Supplied records:
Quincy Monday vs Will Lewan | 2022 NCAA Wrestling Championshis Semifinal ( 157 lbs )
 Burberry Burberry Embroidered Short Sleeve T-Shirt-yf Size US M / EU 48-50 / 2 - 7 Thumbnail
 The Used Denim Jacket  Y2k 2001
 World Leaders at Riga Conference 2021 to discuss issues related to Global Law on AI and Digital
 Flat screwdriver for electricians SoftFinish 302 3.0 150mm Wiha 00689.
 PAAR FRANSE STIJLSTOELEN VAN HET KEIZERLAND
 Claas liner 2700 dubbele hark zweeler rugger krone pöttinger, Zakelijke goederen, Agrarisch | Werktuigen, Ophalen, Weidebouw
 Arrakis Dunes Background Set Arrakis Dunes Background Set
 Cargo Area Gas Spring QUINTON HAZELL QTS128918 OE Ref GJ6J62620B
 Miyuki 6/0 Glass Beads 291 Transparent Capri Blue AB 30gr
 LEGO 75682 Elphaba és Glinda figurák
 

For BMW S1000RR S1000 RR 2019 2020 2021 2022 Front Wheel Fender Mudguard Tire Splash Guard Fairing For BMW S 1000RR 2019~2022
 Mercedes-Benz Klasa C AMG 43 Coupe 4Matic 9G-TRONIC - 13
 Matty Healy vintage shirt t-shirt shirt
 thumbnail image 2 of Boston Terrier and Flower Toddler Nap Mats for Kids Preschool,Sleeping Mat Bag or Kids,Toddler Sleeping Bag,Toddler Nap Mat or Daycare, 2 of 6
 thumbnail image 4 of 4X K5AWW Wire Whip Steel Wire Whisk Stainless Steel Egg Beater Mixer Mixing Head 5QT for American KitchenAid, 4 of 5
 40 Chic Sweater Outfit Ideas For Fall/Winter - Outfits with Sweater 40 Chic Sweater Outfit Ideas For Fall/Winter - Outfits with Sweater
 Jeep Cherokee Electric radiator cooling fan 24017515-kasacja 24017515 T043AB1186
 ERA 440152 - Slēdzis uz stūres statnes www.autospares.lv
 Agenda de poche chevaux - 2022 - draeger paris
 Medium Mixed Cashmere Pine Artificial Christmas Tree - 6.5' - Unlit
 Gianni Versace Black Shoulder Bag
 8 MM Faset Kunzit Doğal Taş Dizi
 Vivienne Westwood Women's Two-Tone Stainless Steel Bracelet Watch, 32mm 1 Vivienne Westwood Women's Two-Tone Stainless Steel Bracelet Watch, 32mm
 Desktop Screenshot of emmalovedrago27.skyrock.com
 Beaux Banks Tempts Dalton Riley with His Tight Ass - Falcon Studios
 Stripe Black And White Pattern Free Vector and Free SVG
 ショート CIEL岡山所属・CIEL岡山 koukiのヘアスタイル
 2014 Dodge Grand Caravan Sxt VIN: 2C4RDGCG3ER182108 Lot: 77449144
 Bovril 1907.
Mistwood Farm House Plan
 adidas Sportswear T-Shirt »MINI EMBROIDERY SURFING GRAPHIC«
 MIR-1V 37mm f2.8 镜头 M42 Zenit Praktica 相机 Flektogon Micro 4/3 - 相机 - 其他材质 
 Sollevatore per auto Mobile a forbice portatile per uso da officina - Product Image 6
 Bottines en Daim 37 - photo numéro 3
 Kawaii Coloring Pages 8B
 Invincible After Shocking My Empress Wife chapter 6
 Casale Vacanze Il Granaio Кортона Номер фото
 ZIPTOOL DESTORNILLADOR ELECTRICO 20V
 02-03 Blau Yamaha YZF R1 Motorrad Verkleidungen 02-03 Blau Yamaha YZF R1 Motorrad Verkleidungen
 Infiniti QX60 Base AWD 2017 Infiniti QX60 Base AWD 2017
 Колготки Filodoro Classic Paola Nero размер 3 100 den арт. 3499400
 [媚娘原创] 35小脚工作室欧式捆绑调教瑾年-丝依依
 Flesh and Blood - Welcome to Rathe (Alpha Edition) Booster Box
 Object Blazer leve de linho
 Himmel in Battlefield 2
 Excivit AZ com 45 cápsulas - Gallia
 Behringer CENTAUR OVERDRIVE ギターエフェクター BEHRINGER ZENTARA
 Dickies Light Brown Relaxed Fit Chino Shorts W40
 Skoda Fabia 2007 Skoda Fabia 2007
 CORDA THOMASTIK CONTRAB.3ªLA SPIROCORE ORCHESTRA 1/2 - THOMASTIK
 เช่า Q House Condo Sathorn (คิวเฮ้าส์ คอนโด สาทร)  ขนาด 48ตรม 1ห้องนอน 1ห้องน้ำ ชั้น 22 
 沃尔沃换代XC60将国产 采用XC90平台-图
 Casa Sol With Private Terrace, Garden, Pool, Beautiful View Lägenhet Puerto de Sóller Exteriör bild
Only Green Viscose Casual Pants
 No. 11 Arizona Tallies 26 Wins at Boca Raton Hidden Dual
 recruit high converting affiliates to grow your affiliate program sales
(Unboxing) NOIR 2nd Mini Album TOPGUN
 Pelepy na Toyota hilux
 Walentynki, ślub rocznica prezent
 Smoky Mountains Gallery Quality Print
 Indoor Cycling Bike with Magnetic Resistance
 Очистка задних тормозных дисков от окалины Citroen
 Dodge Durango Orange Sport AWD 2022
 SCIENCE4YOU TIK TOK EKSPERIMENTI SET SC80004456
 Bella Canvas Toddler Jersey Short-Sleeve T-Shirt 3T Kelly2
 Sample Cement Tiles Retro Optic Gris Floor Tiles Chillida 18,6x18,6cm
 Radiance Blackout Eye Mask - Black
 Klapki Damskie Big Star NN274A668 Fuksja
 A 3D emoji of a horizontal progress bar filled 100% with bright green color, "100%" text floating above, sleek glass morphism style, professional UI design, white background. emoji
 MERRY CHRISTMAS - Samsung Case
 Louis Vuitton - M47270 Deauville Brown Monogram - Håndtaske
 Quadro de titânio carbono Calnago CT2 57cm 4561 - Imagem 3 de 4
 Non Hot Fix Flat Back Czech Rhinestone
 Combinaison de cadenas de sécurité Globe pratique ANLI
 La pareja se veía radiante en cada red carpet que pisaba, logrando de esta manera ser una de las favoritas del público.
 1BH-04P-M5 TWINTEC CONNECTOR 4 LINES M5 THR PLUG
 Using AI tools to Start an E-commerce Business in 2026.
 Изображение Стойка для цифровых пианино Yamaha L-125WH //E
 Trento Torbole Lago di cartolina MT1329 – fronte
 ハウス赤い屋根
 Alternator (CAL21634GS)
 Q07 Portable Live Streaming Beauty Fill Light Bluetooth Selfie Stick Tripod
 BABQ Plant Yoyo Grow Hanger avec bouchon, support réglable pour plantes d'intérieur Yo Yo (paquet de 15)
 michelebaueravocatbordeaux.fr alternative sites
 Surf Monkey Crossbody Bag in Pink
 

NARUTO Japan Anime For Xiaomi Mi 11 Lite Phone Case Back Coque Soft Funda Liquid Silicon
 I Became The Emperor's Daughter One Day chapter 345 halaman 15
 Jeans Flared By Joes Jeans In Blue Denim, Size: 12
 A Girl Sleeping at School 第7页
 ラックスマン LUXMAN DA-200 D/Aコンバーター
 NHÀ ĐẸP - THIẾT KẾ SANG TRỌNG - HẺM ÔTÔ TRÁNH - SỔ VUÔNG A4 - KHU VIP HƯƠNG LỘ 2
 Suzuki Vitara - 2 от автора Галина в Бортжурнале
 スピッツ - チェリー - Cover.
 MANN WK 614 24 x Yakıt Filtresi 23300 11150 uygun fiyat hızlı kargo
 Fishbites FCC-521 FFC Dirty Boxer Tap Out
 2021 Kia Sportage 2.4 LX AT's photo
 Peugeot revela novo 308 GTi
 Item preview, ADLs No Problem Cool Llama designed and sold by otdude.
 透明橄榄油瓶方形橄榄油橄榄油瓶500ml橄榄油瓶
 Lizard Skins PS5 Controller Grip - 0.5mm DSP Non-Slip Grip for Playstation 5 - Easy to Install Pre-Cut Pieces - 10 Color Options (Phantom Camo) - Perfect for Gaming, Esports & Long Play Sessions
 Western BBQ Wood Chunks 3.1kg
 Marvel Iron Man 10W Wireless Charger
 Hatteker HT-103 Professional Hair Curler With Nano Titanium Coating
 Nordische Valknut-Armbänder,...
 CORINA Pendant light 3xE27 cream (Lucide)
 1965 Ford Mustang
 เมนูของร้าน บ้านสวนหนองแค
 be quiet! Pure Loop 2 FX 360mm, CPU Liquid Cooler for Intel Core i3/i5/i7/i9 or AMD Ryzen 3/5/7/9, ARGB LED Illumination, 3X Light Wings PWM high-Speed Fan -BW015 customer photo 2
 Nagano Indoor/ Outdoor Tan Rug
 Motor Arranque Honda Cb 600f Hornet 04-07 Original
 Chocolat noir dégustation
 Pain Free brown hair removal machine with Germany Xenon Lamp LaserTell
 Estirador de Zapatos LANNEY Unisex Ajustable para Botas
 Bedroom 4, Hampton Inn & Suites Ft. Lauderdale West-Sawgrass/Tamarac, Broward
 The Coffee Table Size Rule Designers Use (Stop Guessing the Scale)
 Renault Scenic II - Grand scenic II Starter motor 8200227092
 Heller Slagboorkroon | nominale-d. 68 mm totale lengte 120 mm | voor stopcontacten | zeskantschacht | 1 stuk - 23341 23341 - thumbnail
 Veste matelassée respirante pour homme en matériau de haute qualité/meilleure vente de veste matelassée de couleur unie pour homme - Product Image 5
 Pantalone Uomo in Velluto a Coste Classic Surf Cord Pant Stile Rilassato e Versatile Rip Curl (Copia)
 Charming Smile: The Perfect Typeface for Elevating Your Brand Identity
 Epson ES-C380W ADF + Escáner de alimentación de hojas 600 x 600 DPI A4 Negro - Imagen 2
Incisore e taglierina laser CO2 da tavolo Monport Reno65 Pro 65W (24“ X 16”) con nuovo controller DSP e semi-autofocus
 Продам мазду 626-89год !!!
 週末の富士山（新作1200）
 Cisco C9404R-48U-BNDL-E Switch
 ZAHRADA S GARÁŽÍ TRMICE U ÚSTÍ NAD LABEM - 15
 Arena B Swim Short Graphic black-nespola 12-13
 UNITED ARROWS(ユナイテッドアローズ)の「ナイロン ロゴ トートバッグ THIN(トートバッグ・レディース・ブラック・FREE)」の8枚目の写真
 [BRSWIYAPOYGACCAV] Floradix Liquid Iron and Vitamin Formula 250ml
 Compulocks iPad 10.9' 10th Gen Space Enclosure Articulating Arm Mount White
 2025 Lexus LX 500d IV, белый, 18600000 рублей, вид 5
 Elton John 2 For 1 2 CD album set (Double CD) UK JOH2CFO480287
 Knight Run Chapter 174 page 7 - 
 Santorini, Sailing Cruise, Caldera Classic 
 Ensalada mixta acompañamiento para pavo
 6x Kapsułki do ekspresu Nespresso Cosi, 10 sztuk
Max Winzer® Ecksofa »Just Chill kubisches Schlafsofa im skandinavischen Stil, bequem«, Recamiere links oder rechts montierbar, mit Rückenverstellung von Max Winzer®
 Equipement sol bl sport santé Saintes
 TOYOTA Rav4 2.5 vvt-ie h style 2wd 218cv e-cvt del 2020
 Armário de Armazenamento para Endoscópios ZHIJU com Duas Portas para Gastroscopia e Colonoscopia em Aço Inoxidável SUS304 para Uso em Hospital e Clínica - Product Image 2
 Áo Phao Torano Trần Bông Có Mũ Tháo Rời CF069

What you have to do: Look through the listing, and copy each line that contains the word "photo".

Exercise answer:
 Bottines en Daim 37 - photo numéro 3
 2021 Kia Sportage 2.4 LX AT's photo
 be quiet! Pure Loop 2 FX 360mm, CPU Liquid Cooler for Intel Core i3/i5/i7/i9 or AMD Ryzen 3/5/7/9, ARGB LED Illumination, 3X Light Wings PWM high-Speed Fan -BW015 customer photo 2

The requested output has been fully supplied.